WORK ITEM:
Exact wording is required: transcribe all the entries and leave the images out.

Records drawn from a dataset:
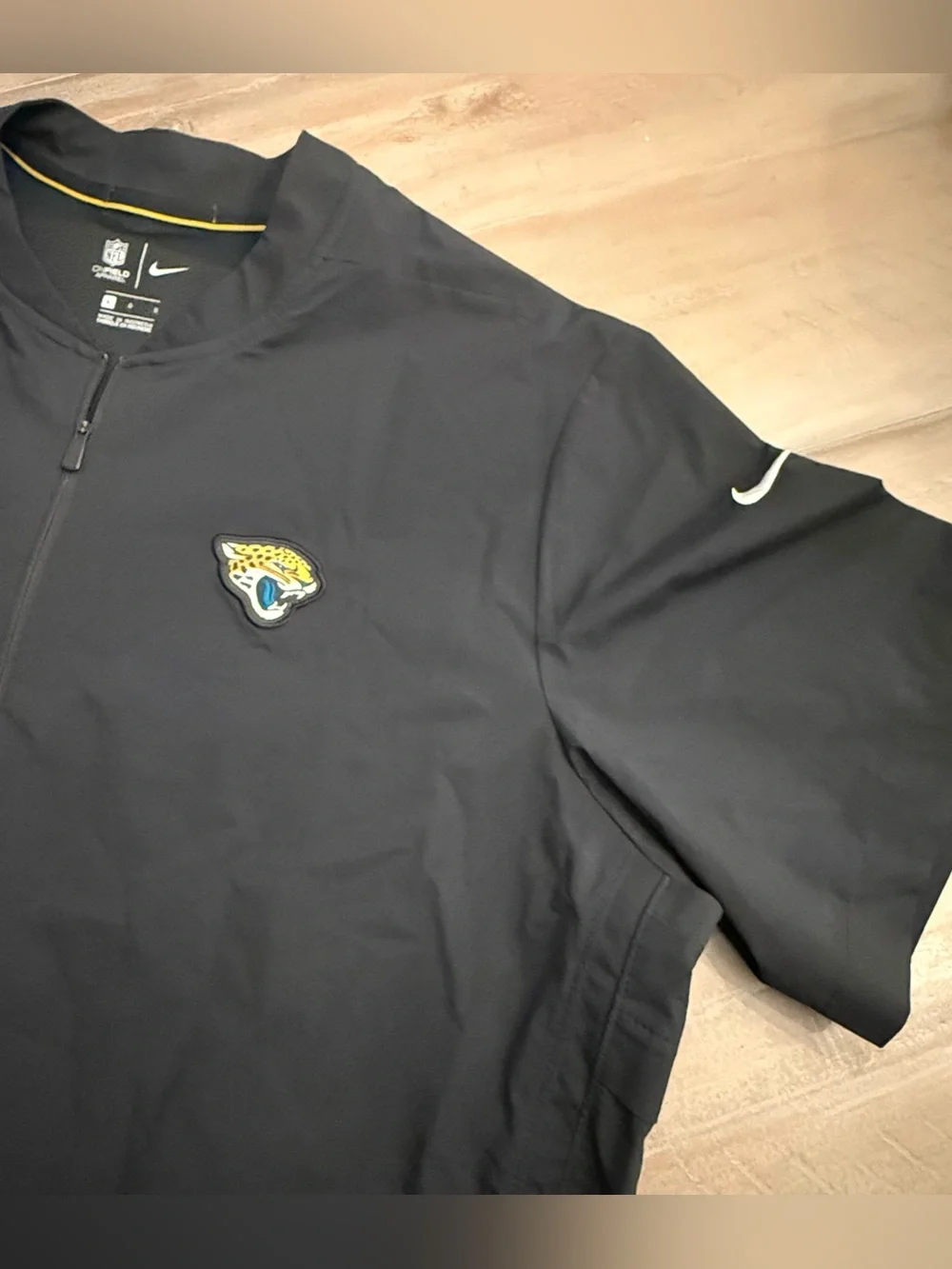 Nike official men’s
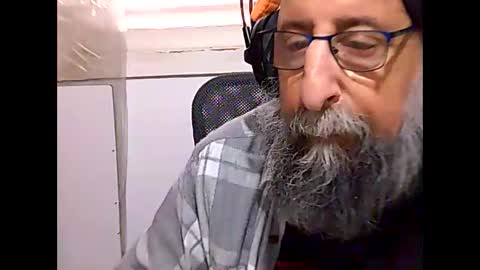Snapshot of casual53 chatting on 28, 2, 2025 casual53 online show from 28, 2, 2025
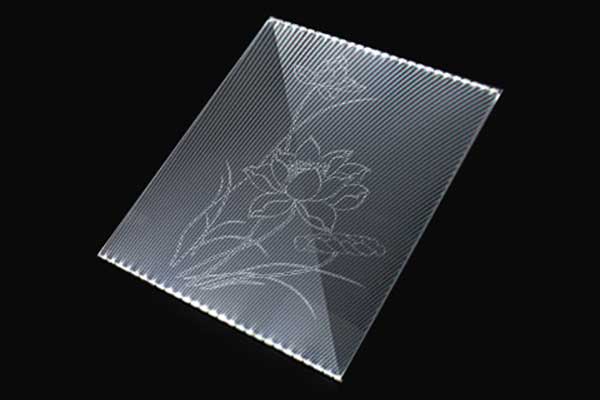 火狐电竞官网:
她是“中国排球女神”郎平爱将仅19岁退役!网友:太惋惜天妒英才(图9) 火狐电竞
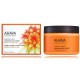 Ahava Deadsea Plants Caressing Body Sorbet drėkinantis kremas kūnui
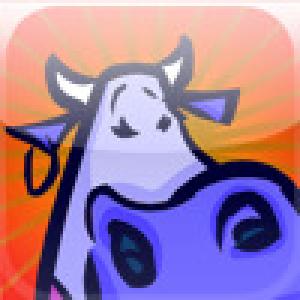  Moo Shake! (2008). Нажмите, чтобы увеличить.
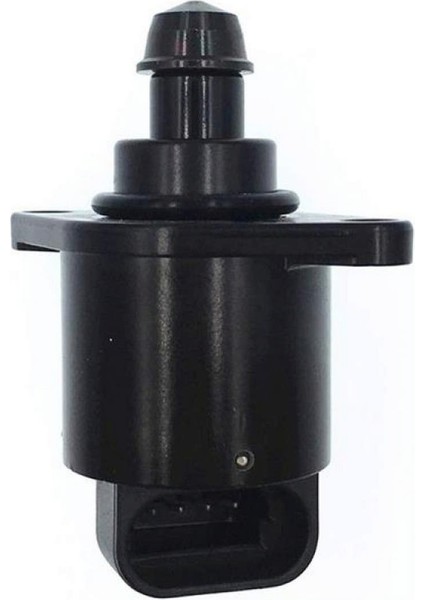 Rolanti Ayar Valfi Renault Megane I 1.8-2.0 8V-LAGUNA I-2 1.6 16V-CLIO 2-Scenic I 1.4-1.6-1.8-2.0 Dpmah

PROBLEM SOLUTION:
 Nike official men’s
Snapshot of casual53 chatting on 28, 2, 2025 casual53 online show from 28, 2, 2025
 火狐电竞官网:
她是“中国排球女神”郎平爱将仅19岁退役!网友:太惋惜天妒英才(图9) 火狐电竞
 Ahava Deadsea Plants Caressing Body Sorbet drėkinantis kremas kūnui
  Moo Shake! (2008). Нажмите, чтобы увеличить.
 Rolanti Ayar Valfi Renault Megane I 1.8-2.0 8V-LAGUNA I-2 1.6 16V-CLIO 2-Scenic I 1.4-1.6-1.8-2.0 Dpmah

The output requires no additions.